1 – Borges, Clério José. História da Serra. Serra, CTC, ano 2008. Página 152.

2 – Braz Lourenço chegou ao Brasil em 1553, na expedição jesuítica vinda com Duarte da Costa e seu filho, Álvaro da Costa. Naquele tempo, pai e filho entraram em rota de colisão com o Bispo Dom Pero Fernandes Sardinha (1º bispo do Brasil). A disputa de poder gerou um racha político em Salvador. Como a autoridade civil e militar, Duarte da Costa mandava prender e espancar aliados do Bispo, enquanto, como autoridade eclesiástica, o Bispo multou, confiscou e prendeu quem quisesse sob a acusação de heresia. Nessa contenda, a Companhia de Jesus se posicionou a favor do governador-geral e de seu filho. Em 1556 a Coroa portuguesa ordenou o regresso do Bispo à Europa. Durante a viagem o navio naufragou próximo à costa de Alagoas e a tripulação foi canibalizada pelos caetés. Paiva, José Pedro. Artigo “Trabalho mais para que não se pervertam os brancos do que para a conversão dos negros”: Pedro Fernandes, bispo de Salvador da Bahia (1551-1556), entre Paris, Lisboa, Goa, Cabo Verde e o Brasil. Página: 41.

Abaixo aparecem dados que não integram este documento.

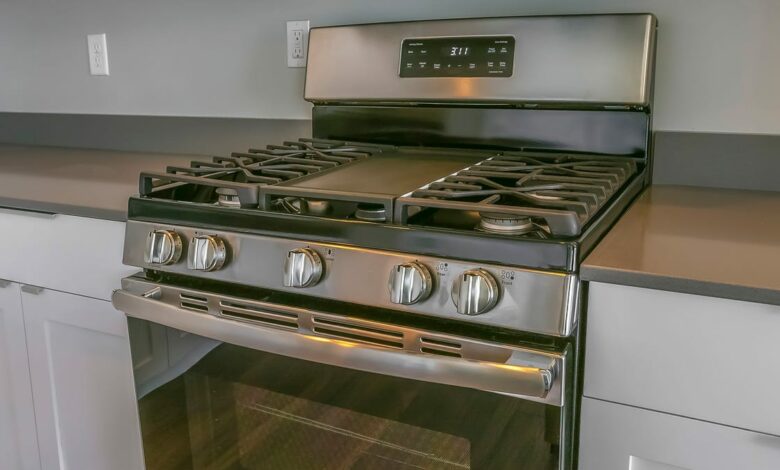 This Trick Keeps the Gap Between Your Stove and Countertop Clean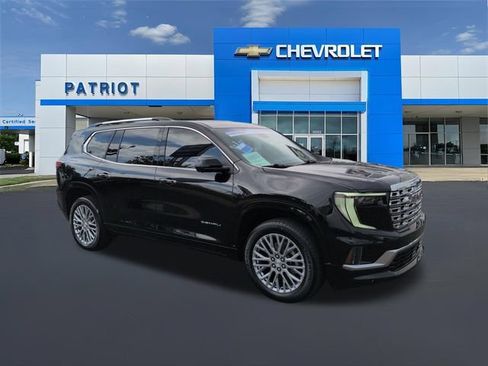 Used 2025 GMC Acadia Denali AWD/4WD image 4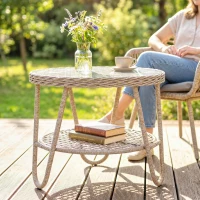Outsunny Table d'appoint en polyrattan 2 niveaux avec rangement, plateau en verre, pieds réglables 65 x 65 x 50 cm Jaune(m-2)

3 – Carta Braz Lourenço. Leite, Serafim. Cartas dos Primeiros Jesuítas do Brasil. Volume I. Ano 1954. Página 513.

4 – No Mapa ‘A Ilha de Duarte de Lemos’ consta: “irei percorrendo esta terra extensamente até alcançar as montanhas elevadas e não confiarei na primeira que avistar. Apenas verei uma grande montanha redonda ao longo do mar, chamada de Serra de Mestre Álvaro, e terei a indicação de que, indo além dessa montanha na direção norte, encontrarei um rio chamado Rio dos Reis Magos. E seguindo para o sul até descobrir a entrada da baía no Cabo dessa montanha ao sul, há um ponto chamado Ponta do Tubarão. Do lado sul da baía, existem duas montanhas altas [Penedo e Morro do Moreno]. E colocando-me no meio da baía, entrarei por ela em uma latitude de 20 graus, onde ela se encontra”. Texto original pode ser acessado em: historiacapixaba.com/documentos/ ilha-de-duarta-de-lemos-de-luis-teixeira-ca-1586/.

5 – Rocha, Levy. Viagem de d. Pedro II ao Espírito Santo. 3ª Edição. Vitória, 2008.

6 – Documentos Históricos, Volume 35, de 1549 – 1559. página 67.

7 – Documentos Históricos, volume 37, de 1549 – 1552. Página 69.